A Survey of Pun Generation: Datasets, Evaluations and Methodologies
Yuchen Su, Yonghua Zhu, Ruofan Wang, Zijian Huang, Diana Benavides-Prado, Michael Witbrock
TL;DR
This survey comprehensively maps pun generation research across three decades, detailing datasets, methodologies, and evaluation practices. It categorizes approaches into conventional templates, classic DNNs, fine-tuned PLMs, prompting strategies, and visual-language methods, summarizing how each stage leverages linguistic ambiguity and contextual cues to produce humorous outputs. The review highlights prevalent evaluation frameworks—automatic measures of funniness, diversity, and fluency, alongside human judgments—while identifying gaps in multilingual and multimodal pun generation. It also discusses current limitations of datasets and evaluation, and outlines promising directions such as cross-lingual datasets, multimodal puns, and advanced prompting designs to push the field forward.
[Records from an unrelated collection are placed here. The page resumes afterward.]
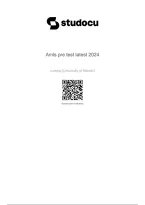 AMLS Precourse Study Guide&comma; Exam Questions and Answers for Advanced Medical Life Support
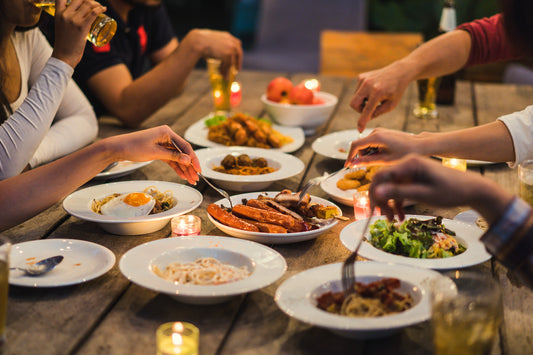 14 More Delicious Low-Carbohydrate Meals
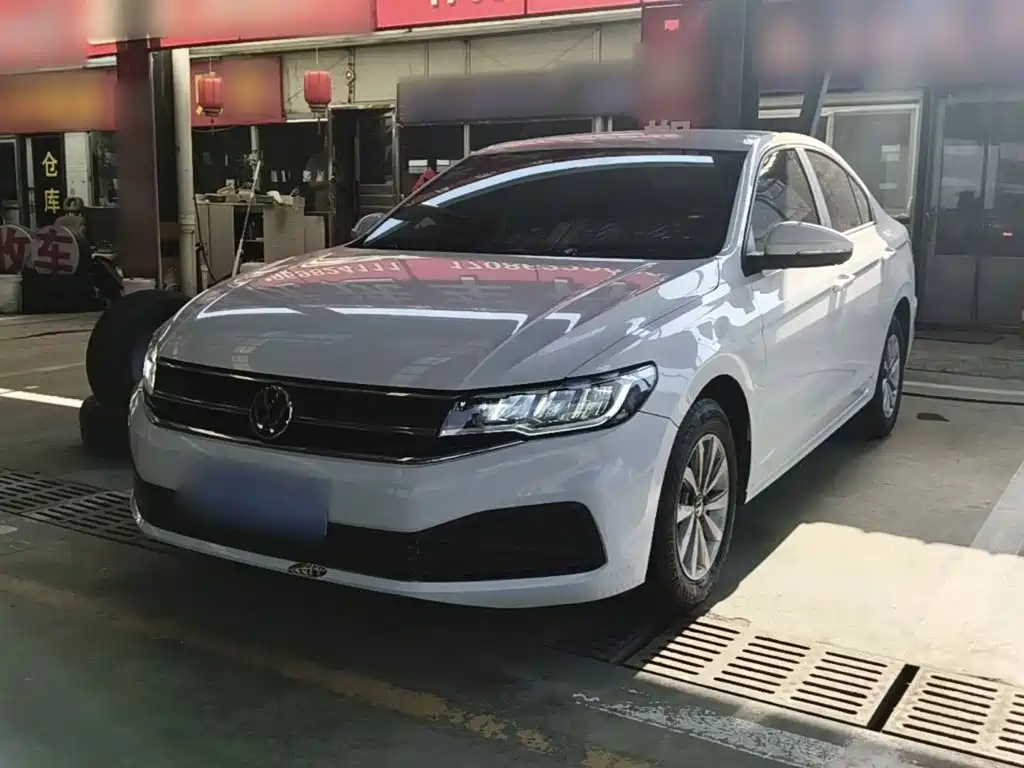 Volkswagen Bora 2021 1.5L AT Fashion Smart Connect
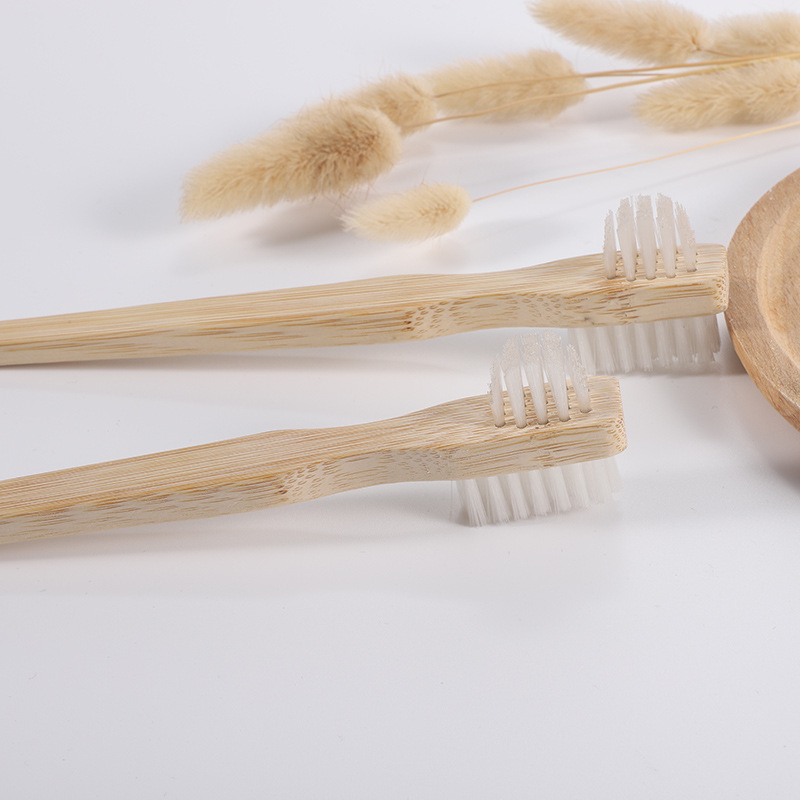 30 шт. бамбуковых щеток для чи – обзор и цена Bamboo Toothbrush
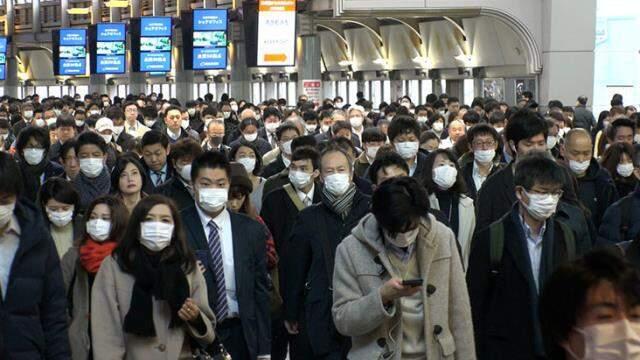 Yeni tehlike Mu mutasyonu Japonya'ya sıçradı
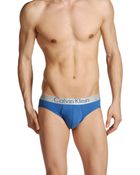 Calvin Klein Brief - Lyst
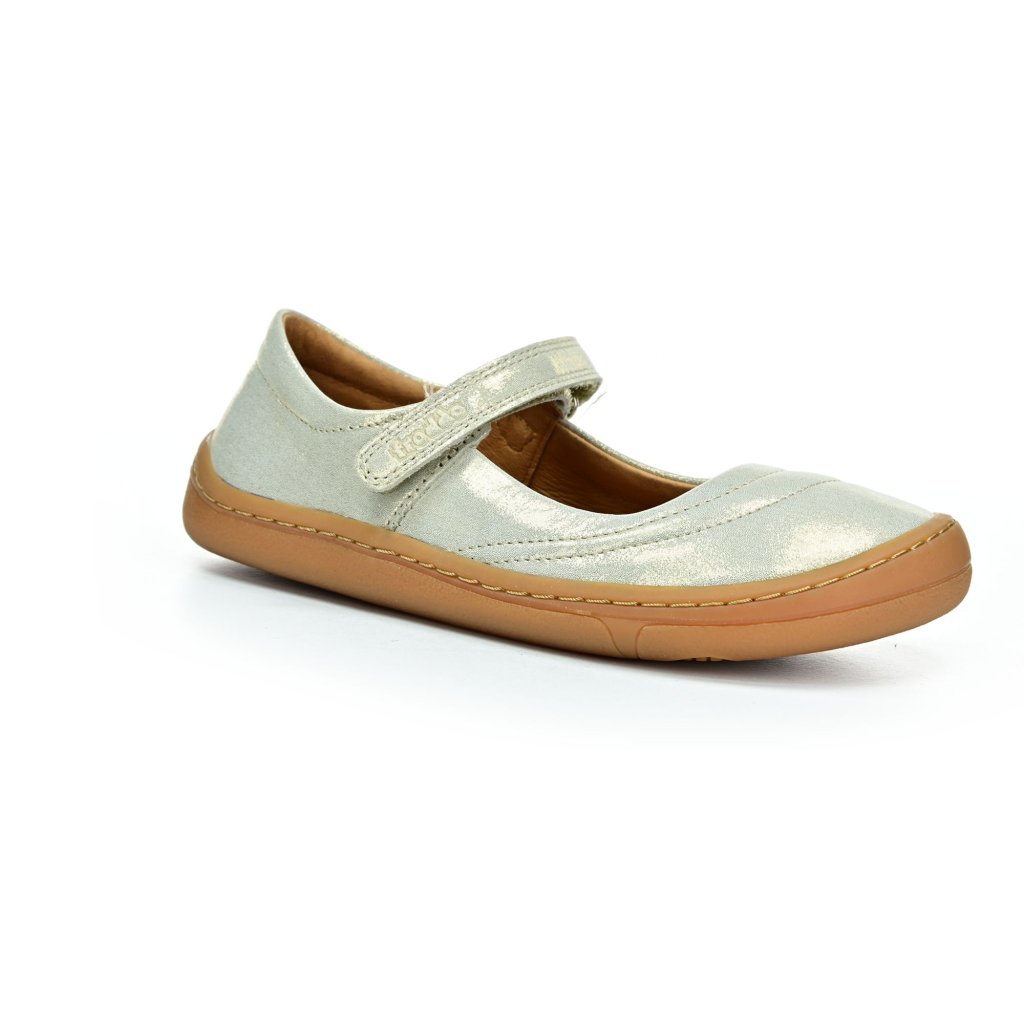 Froddo G3140184-5 Gold Shine Barfußballerinas
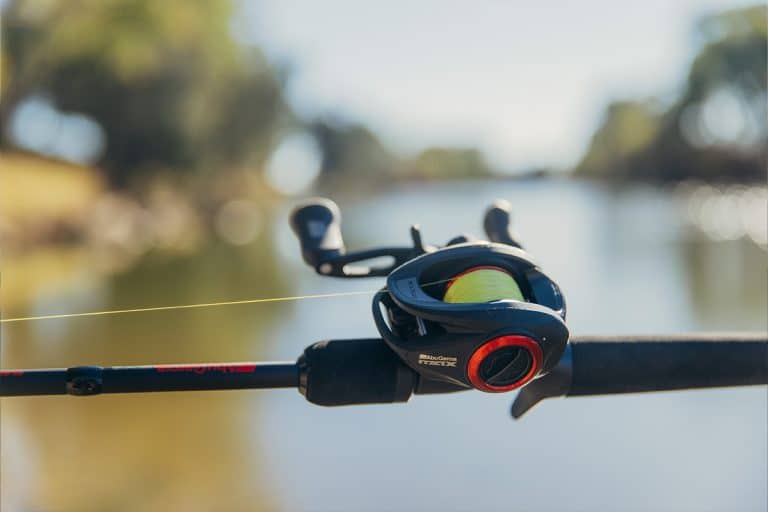 Abu Garcia BMAX5 SX LP Reel - Image 3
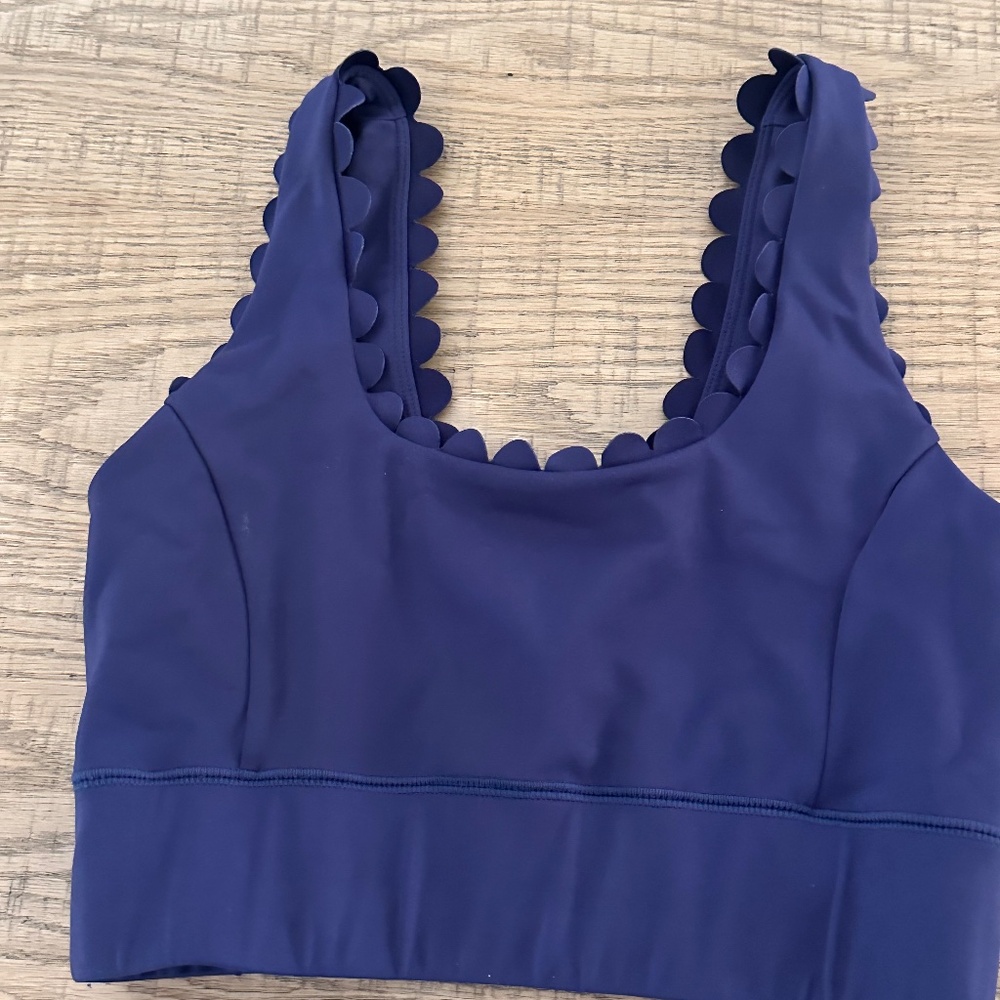 IVL NAVY BLUE SPORTS BRA !!!!!!!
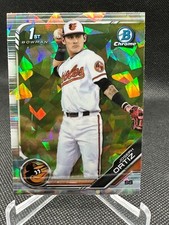 🔥2019 Bowman Chrome Draft Sapphire Baseball Base PICK A CARD Complete Your Set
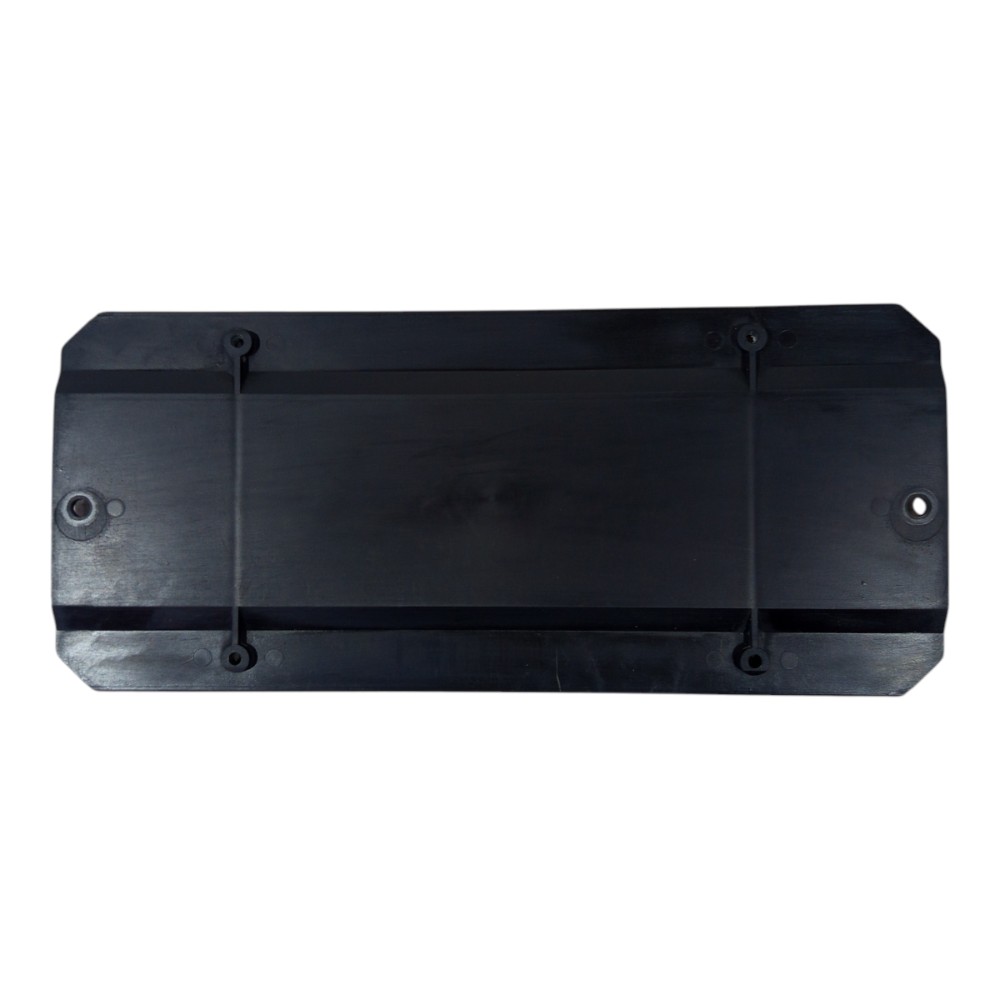 Suporte Placa Traseira Volkswagen Jetta 2010 A 2017 2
Overall, the work provides a foundational resource for researchers aiming to advance creative NLG through principled, data-driven punctuations of humor.
Abstract
Pun generation seeks to creatively modify linguistic elements in text to produce humour or evoke double meanings. It also aims to preserve coherence and contextual appropriateness, making it useful in creative writing and entertainment across various media and contexts. Although pun generation has received considerable attention in computational linguistics, there is currently no dedicated survey that systematically reviews this specific area. To bridge this gap, this paper provides a comprehensive review of pun generation datasets and methods across different stages, including conventional approaches, deep learning techniques, and pre-trained language models. Additionally, we summarise both automated and human evaluation metrics used to assess the quality of pun generation. Finally, we discuss the research challenges and propose promising directions for future work.